Relation extraction (RE) extracts semantic relationships among entities in text and has various applications such as sentiment analysis, information extraction, and knowledge graph construction. Most previous work has focused on sentence-level RE [12, 34], which is limited as it cannot extract relationships between multiple sentences. To overcome this limitation, document-level relation extraction (DocRE) has been proposed [1, 28, 30, 36], which extracts relationships within and between sentences.

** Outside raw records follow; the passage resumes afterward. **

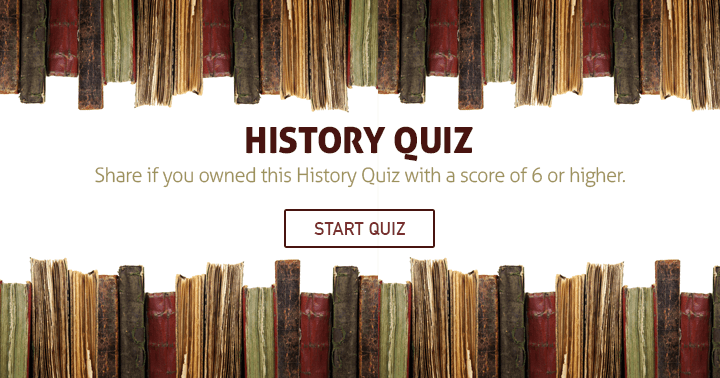 Banner for Did you own this history quiz? Share it!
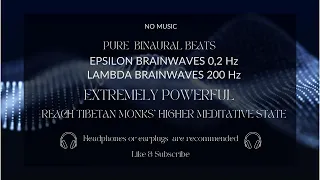 EXTREMELY POWERFUL EPSILON & LAMBDA BINAURAL BEATS -TIBETAN MONKS HIGHER MEDITATIVE STATE-NO MUSIC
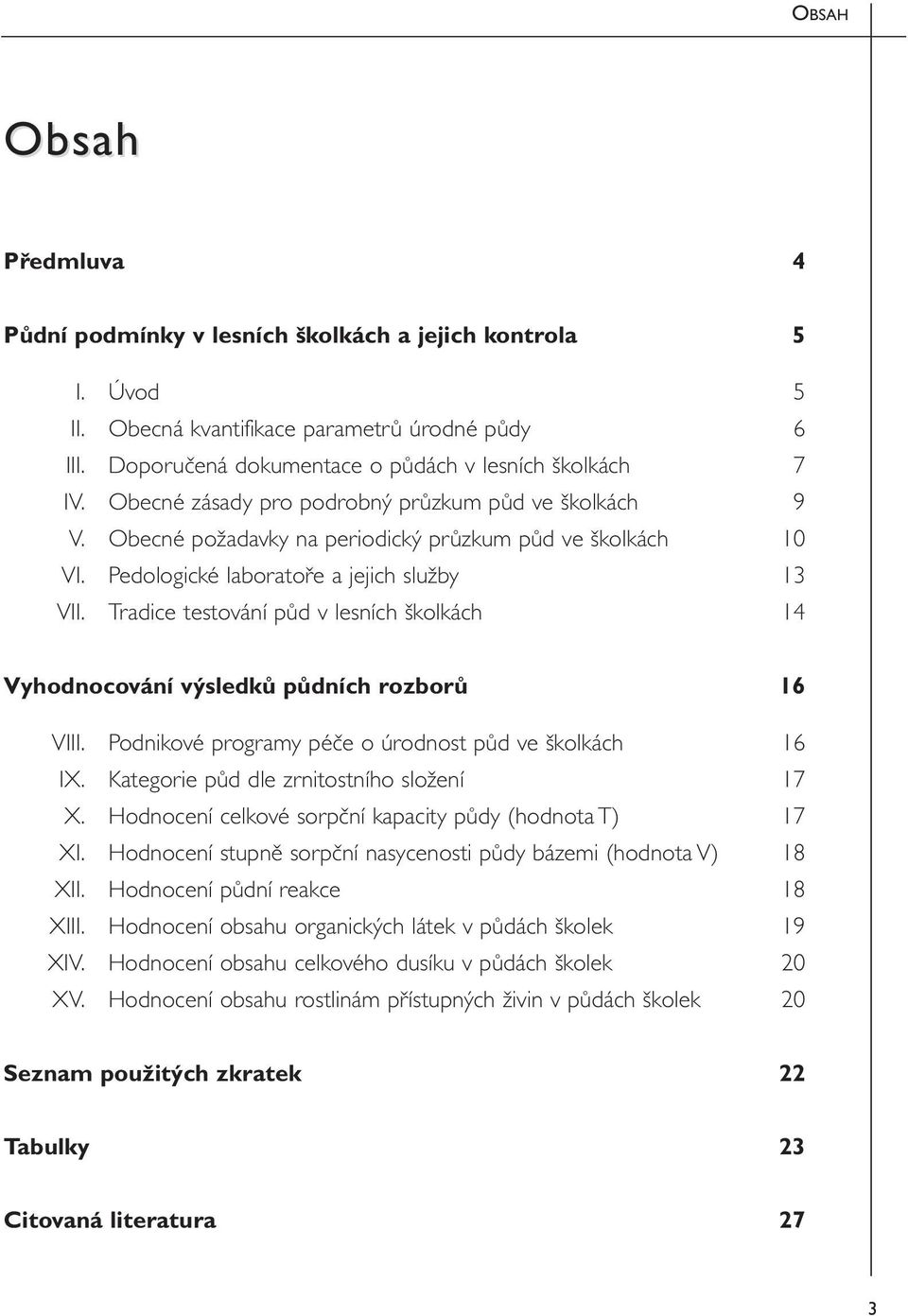 Tradice testování půd v lesních školkách 14 Vyhodnocování výsledků půdních rozborů 16 VIII. Podnikové programy péče o úrodnost půd ve školkách 16 IX. Kategorie půd dle zrnitostního složení 17 X.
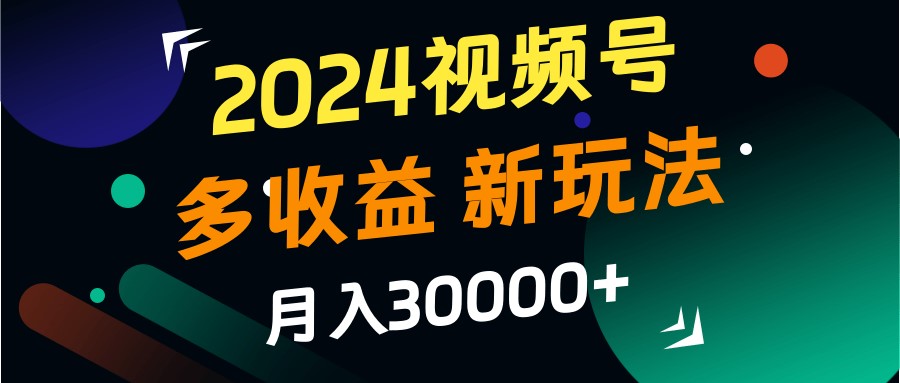 2024视频号多收益的新玩法，月入3w+，新手小白都能简单上手！-源码天堂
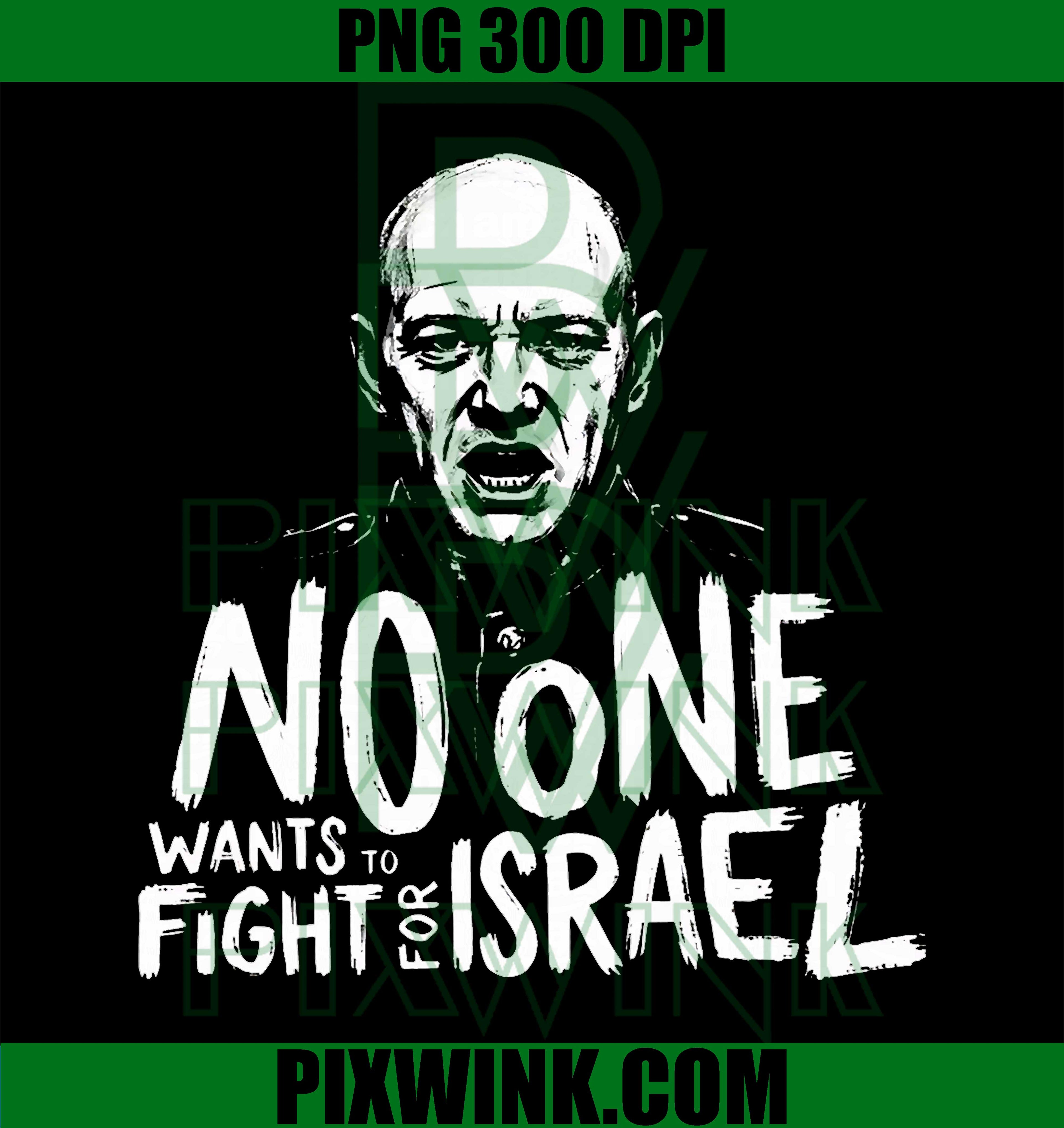 No One Wants to Fight for Israel PNG, Anti War Protest Saying Graphic PNG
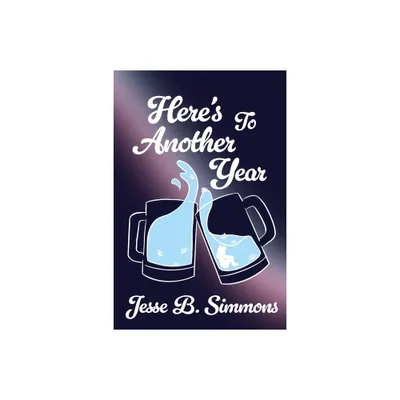 Heres To Another Year - by Jesse B Simmons (Paperback)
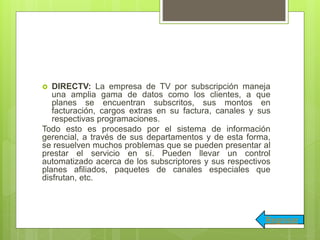  DIRECTV: La empresa de TV por subscripción maneja
una amplia gama de datos como los clientes, a que
planes se encuentran subscritos, sus montos en
facturación, cargos extras en su factura, canales y sus
respectivas programaciones.
Todo esto es procesado por el sistema de información
gerencial, a través de sus departamentos y de esta forma,
se resuelven muchos problemas que se pueden presentar al
prestar el servicio en sí. Pueden llevar un control
automatizado acerca de los subscriptores y sus respectivos
planes afiliados, paquetes de canales especiales que
disfrutan, etc.
Regresar
 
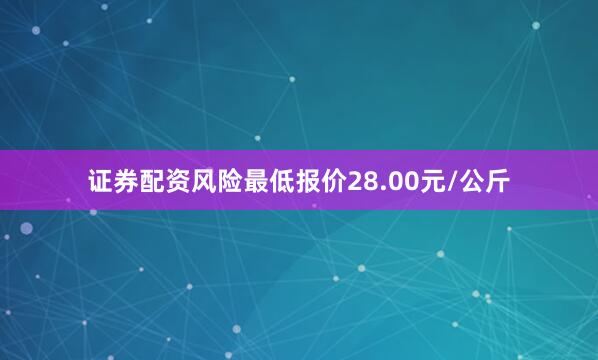 证券配资风险最低报价28.00元/公斤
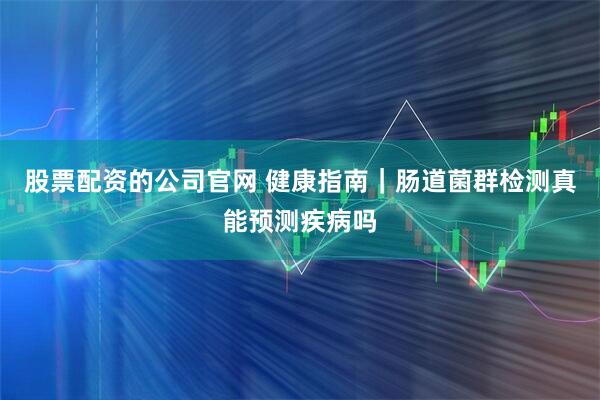 股票配资的公司官网 健康指南｜肠道菌群检测真能预测疾病吗
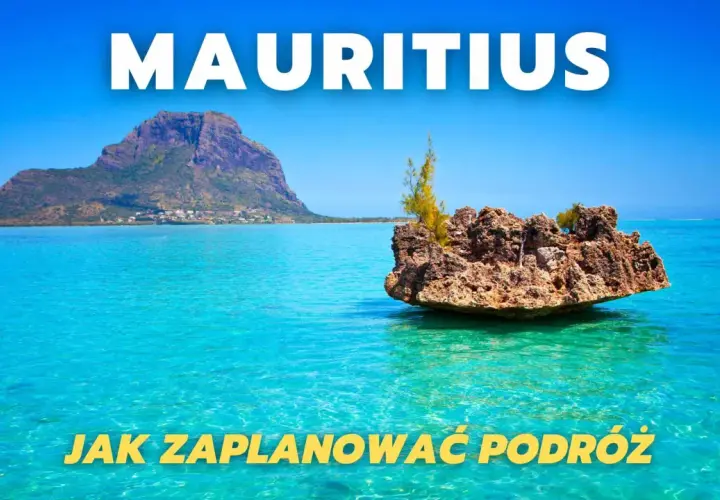 Mauritius wakacje: turkusowa woda, skalista wysepka i góra Le Morne. Jak zaplanować podróż marzeń.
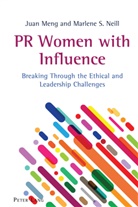 Jua Meng, Juan Meng, Marlene Neill, Marlene S Neill, Marlene S. Neill, Caroly Kitch... - PR Women with Influence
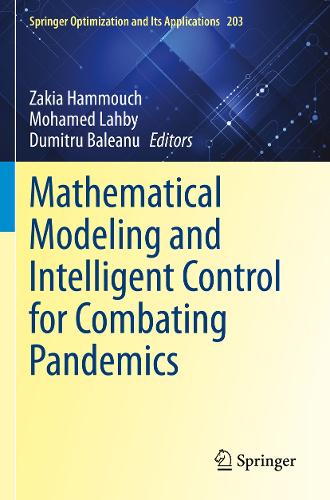 Mathematical Modeling and Intelligent Control for Combating Pandemics. 2023 ed.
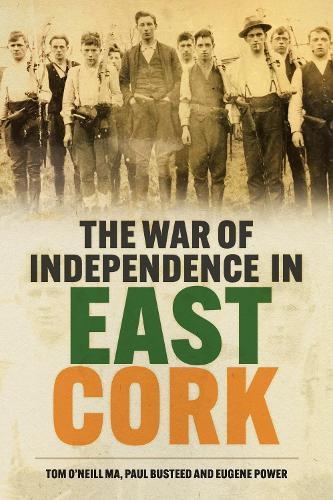 The War of Independence in East Cork: Tom O'Neill MA, Paul Busteed and Eugene Power  by Tom O'Neill, MA at Abbey's Bookshop, 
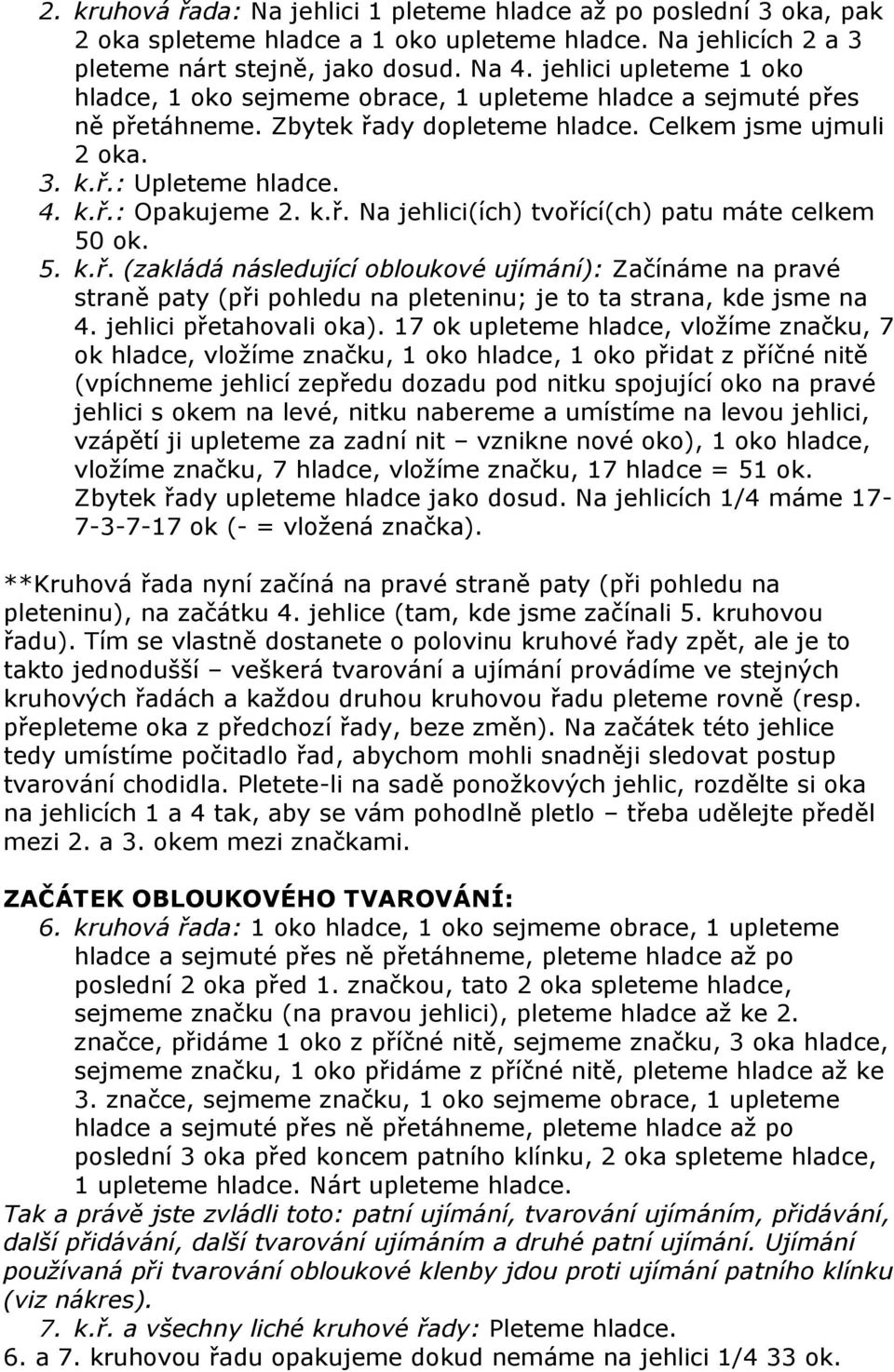 k.ř. Na jehlici(ích) tvořící(ch) patu máte celkem 50 ok. 5. k.ř. (zakládá následující obloukové ujímání): Začínáme na pravé straně paty (při pohledu na pleteninu; je to ta strana, kde jsme na 4.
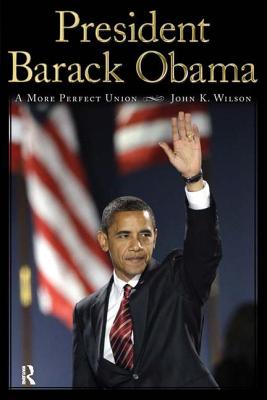 President Barack Obama: A More Perfect Union - Wilson, John K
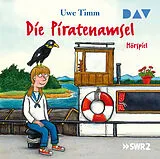 Audio CD (CD/SACD) Die Piratenamsel von Uwe Timm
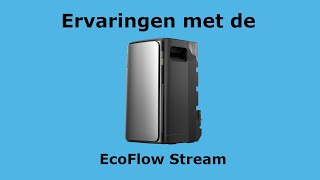 Ervaring Ecoflow Stream Deel 5 Van 5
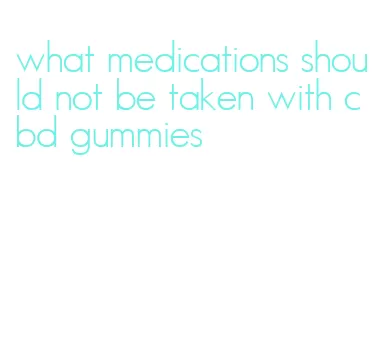 what medications should not be taken with cbd gummies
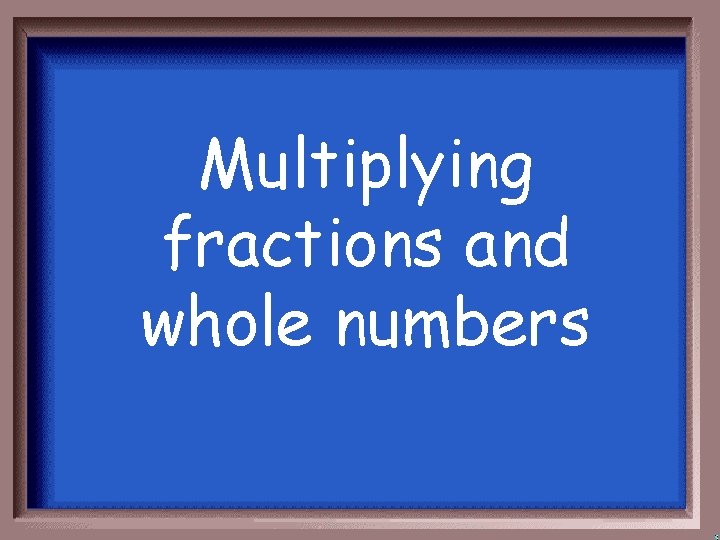 Multiplying fractions and whole numbers 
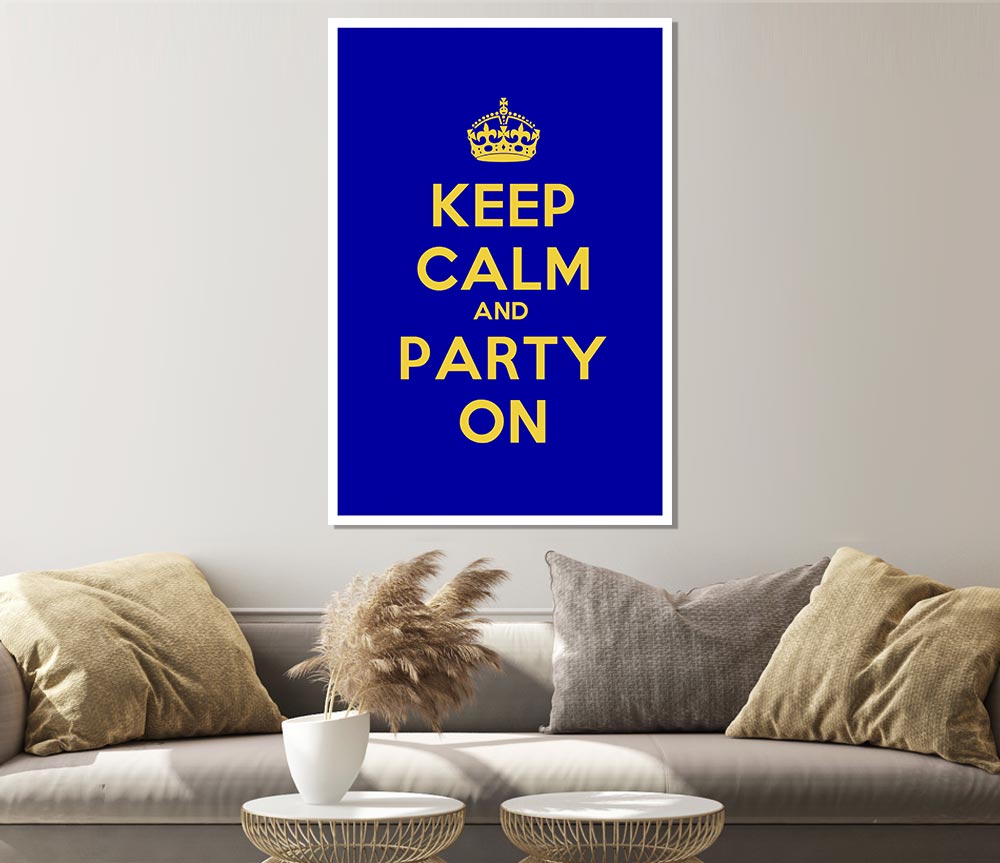 Keep Calm Party On Print Poster Wall Art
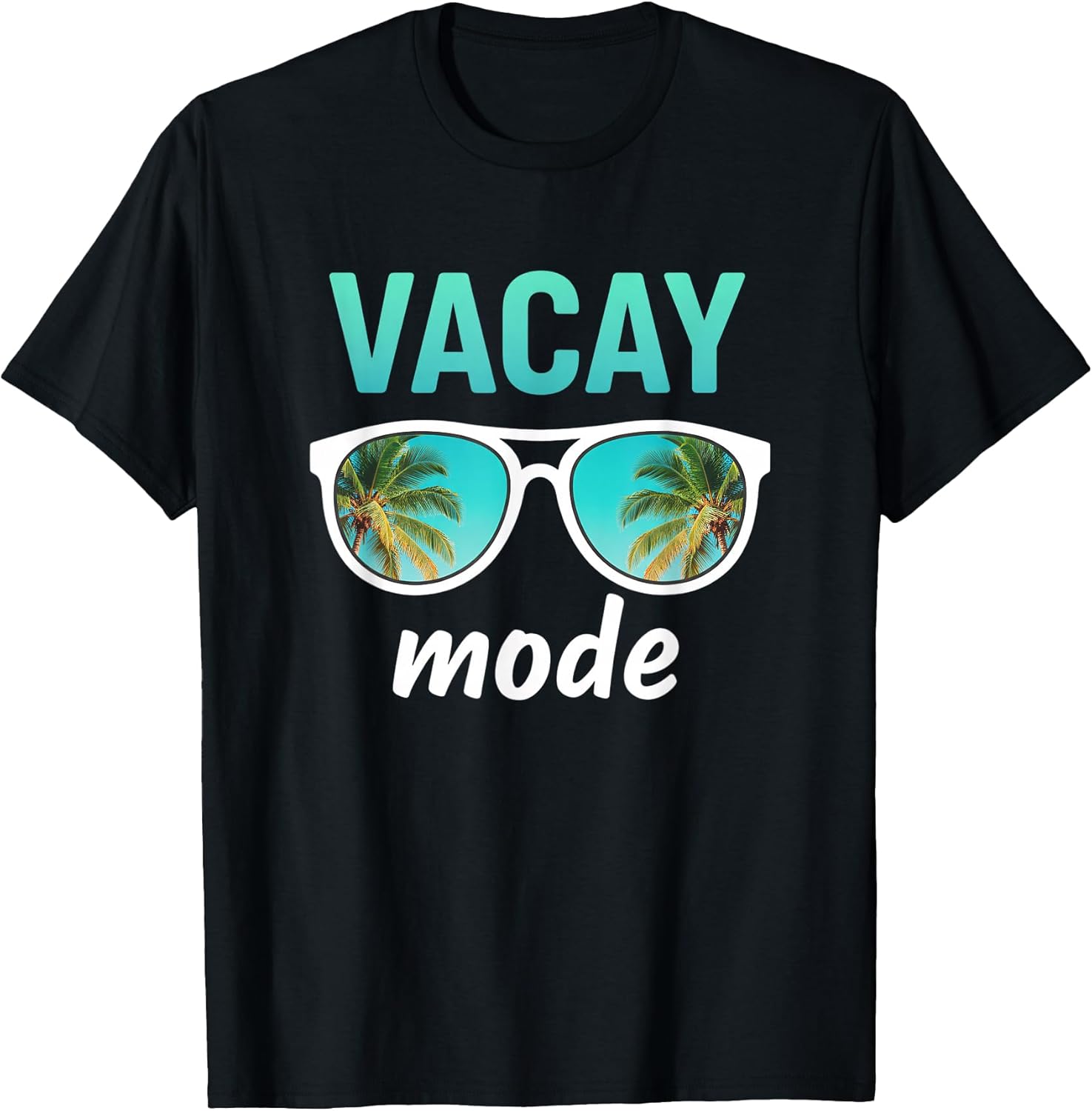 Vacay Mode Travel Beach Summer Vacation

Previous methods for DocRE have primarily focused on fully supervised learning, which can be time-consuming and labor-intensive in real-world scenarios due to the need for a large amount of human-annotated training data. Distantly supervised (DS) learning is a more efficient alternative, but it can introduce false positive (FP) problems [11]. In addition, the incomplete labeling problem, also known as the false negative (FN) problem, has received increasing attention in recent years [7, 23]. To address the FN problem, previous work [25] proposed a unified positive-unlabeled learning framework - shift and squared ranking loss positive-unlabeled (SSR-PU) learning, to adapt DocRE with different levels of incomplete labeling. However, the SSR-PU method still faces challenges such as expensive labeling costs. To address these challenges, we propose a novel method for improving the FN and FP problems in distantly supervised learning for DocRE. Our approach, called NN-Denoising, aims to combine natural language inference (NLI) models and negative sampling to denoise the training data generated by DS. The NLI model serves as a pre-filter for denoising the DS labels, while negative sampling is employed to overcome the FN problem in the filtered data. This approach effectively improves the performance of the RE model by filtering out noisy training data and reducing the impact of incomplete labeling.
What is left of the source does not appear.